Donald Wetzel, a vice president of product planning at Dallas-based...

Donald Wetzel, a vice president of product planning at Dallas-based Docutel, uses an ATM. Credit: JP Morgan Chase Corporate History Collection

 The ATM, the ubiquitous machine that made banking 24/7 and gave customers routine access to money as long as they remembered a personal identification number, turned 50 years old this week.

It was born on Long Island.

New York-based financial giant Chemical Bank changed self-service banking forever when it installed the first ATM in the country in Rockville Centre in 1969. 
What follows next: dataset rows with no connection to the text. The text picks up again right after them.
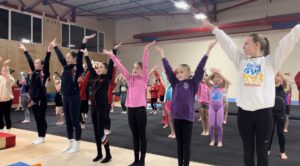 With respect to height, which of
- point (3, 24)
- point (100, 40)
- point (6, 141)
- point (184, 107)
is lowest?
point (6, 141)

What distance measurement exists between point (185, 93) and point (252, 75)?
41.6 inches

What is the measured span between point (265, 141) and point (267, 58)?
26.7 inches

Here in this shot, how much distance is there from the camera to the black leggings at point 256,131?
2062 millimetres

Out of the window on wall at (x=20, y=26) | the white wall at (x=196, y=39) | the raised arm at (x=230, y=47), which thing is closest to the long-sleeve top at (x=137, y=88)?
the raised arm at (x=230, y=47)

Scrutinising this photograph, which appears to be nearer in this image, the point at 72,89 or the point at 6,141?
the point at 72,89

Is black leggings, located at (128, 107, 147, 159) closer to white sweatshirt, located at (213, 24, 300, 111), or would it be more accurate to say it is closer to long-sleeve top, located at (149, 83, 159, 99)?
white sweatshirt, located at (213, 24, 300, 111)

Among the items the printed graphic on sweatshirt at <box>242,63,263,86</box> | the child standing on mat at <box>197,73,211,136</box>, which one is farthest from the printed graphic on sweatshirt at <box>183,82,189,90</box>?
the child standing on mat at <box>197,73,211,136</box>

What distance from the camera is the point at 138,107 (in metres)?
3.41

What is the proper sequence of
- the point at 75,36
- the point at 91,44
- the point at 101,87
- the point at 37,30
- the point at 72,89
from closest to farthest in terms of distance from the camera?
1. the point at 101,87
2. the point at 72,89
3. the point at 37,30
4. the point at 75,36
5. the point at 91,44

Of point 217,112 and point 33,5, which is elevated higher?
point 33,5

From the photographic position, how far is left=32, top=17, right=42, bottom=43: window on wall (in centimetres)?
1258

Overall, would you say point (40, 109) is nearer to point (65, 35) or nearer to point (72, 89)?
point (72, 89)

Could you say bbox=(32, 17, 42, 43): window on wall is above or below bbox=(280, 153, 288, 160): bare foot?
above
The machine was the brainchild of Donald Wetzel, a vice president of product planning at Dallas-based Docutel, which convinced Chemical Bank to use the  automated teller machine it had created. Docutel also automated baggage handling equipment at airports.

Docutel was a subsidiary of Recognition Equipment Inc., a technology automation company whose executives knew top decision-makers at Chemical, said Wetzel in an interview from his home in Dallas.

"I thought the timing was great," Wetzel, who's now 90, said. "Technologically, I had no doubt we had the ability. What was harder was getting the magnetic strips on plastic cards to be secure, so people wouldn't rip off the machines."

Wetzel said the magnetic strips back then included data such as PINs and account numbers. 

A Chase ATM.

A Chase ATM. Credit: JP Morgan Chase Corporate History Collection

"Today, the PIN ... is on a secure computer online at a bank," Wetzel said. "There was no online back then." 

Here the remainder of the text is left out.